Simple Harmonic Motion Aptitude - ObjectiveBooks

# Simple Harmonic Motion Aptitude

### Simple Harmonic Motion definition, Aptitude formulas with solved examples:

Vibration:
A motion which repeats itself after a certain interval of time may be called a vibration. Vibration occurs when a system is displaced from a position of stable equilibrium.

Simple Harmonic Motion (S.H.M.)
The motion which repeats itself after an equal interval of time is called periodic motion. The equal interval is called time period.
It is expressed in terms of circular sine or cosine functions. The simplest form of harmonic motion is called Simple Harmonic Motion. Reciprocating motion is an example of simple harmonic motion.

Simple harmonic motion can be expressed by the equation;
x = A sin ωt        or,    x = A cos ω ………………….eq.(i)

Consider, x = A sin ωt
Where, x = is the displacement
A = is the amplitude
ω = is the circular frequency
The motion will be repeated after every 2π/ω time, i.e. time period is equal to 2π/ω seconds.

The velocity and acceleration of harmonic motion are obtained by differentiating eq.(i) with respect to time.

velocity, ẋ = Aω cos ωt = Aω sin (ωt + π/2)
And, acceleration, ẍ = -Aω² sin ωt = Aω² cos (ωt + π/2)
= Aω² sin (ωt + π)

Thus, the acceleration in a simple harmonic motion is always proportional to its displacement from the mean position and directed towards the mean position.

Example: 01
A  S.H.M. has amplitude 3 cm and a period of 2 seconds.
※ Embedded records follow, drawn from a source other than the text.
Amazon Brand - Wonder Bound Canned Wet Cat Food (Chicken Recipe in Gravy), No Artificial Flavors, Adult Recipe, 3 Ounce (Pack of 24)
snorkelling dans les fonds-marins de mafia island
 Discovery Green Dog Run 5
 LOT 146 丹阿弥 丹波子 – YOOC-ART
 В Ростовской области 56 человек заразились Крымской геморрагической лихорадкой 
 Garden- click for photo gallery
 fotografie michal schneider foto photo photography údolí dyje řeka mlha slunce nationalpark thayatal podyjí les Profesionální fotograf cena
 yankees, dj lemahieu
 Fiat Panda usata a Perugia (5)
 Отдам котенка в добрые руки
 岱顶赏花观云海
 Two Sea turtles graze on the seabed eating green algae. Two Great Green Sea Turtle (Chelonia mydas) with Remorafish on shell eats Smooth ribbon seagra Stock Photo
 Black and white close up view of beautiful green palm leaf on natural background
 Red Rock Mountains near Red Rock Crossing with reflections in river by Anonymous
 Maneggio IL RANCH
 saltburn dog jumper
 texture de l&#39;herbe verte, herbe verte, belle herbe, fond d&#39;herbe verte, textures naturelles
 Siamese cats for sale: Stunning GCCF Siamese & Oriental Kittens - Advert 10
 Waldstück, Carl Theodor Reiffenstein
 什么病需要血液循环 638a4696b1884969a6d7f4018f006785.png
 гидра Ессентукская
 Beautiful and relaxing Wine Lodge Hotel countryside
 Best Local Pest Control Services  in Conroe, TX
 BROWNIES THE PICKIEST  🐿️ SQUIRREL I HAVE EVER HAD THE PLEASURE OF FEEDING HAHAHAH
Determine the maximum velocity and acceleration.

Solution:
We have, x = A sin ωt,     ẋ = Aω sin (ωt + π/2),     ẍ = Aω² sin (ωt + π)
Given, A = 3 cm   and,
T = 2 sec = 2π/ω
ω = 2π/T = 2π/2 = π radian/sec.
Maximum velocity, max = Aω = 3 × π = 9.425 cm/sec.
And, Maximum acceleration = max = Aω² = 3 × π² = 29.609 cm/sec².

Example: 02
A harmonic motion has a frequency of 10 hertz and its maximum velocity is 2.5 m/sec. Determine its amplitude, period and maximum acceleration.

Solution:
Frequency, f = ω/2π Hz.
10 = ω/2π